I’ve also noticed that agents will try to finish a task no matter what—so if they’re in the 5th of 10 tasks of a process and realize they’re running out of context, they’ll kind of whiz through the last 5 tasks in a hurry. It’s like their velocity increases at the expense of thoroughness. I guess the idea is that’s better than leaving the task undone, but actually I think anybody who’s building with agents these days recognizes that it’s fine to leave a task undone (in an orderly way); I can just spin up another agent to pick it up. I’d much rather have a half-done project neatly handed back to me than a finished project that’s riddled with low-quality, dashed-off code.
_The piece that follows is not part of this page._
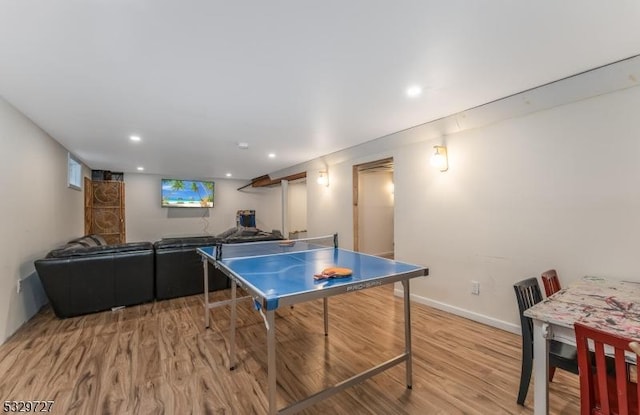 playroom featuring light hardwood / wood-style floors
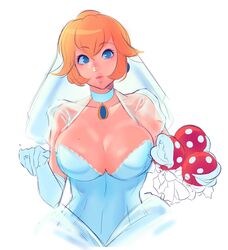  absurdres alternate_breast_size blonde_hair blue_eyes bouquet breasts bridal_veil commentary dress english_commentary female flower gloves highres jewelry large_breasts long_hair looking_at_viewer loyproject mario_(series) piranha_plant princess_peach princess_peach_(wedding) solo super_mario_odyssey veil wedding_dress white_gloves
There’s a lot of talk right now about multi-agent workflows and orchestration, etc. But I think there’s still a lot of work to be done just to get sequential work done by repeated iterations of passing an agent some spec or open issues. Once we’re in a place where I can confidently hand off a project in some state of completion to an agent, expect it to do some relatively determinate amount of work, and hand it back off to me with clear tracking of what’s been done, I think it’ll get a lot easier to reason about running multiple agents concurrently.